=== ASSIGNMENT ===
Beginning with the first line, please repeat the entries exactly and end on the line that contains "Adesivo Cola Braquetes".

======== EXERCISE INPUT

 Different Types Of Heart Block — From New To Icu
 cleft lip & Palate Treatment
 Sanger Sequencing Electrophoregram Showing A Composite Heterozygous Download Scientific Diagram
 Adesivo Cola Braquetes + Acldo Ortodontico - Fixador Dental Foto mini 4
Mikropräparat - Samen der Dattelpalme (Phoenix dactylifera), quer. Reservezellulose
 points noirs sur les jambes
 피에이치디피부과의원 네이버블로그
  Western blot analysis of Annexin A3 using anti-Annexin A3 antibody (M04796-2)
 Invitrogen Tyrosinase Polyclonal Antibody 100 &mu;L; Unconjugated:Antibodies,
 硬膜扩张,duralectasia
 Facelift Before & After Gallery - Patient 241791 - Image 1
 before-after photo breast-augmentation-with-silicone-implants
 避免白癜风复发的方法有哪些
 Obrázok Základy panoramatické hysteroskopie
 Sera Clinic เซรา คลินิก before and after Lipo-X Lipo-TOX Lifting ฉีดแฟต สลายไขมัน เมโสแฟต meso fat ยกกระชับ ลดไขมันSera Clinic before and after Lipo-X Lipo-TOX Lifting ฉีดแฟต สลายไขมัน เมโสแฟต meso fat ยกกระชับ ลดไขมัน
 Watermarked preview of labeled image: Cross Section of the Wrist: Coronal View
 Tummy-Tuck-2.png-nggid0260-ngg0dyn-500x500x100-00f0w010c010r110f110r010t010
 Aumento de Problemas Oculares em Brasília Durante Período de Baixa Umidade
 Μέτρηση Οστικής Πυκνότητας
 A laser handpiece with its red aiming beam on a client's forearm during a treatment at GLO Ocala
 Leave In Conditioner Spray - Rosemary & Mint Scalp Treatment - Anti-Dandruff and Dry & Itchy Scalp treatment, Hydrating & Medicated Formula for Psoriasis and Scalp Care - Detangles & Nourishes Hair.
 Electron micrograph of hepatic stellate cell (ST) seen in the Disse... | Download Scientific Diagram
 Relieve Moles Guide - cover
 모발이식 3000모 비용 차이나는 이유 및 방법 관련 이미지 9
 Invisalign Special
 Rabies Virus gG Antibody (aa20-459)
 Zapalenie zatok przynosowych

================

=== RESULT BELOW ===
 Different Types Of Heart Block — From New To Icu
 cleft lip & Palate Treatment
 Sanger Sequencing Electrophoregram Showing A Composite Heterozygous Download Scientific Diagram
 Adesivo Cola Braquetes + Acldo Ortodontico - Fixador Dental Foto mini 4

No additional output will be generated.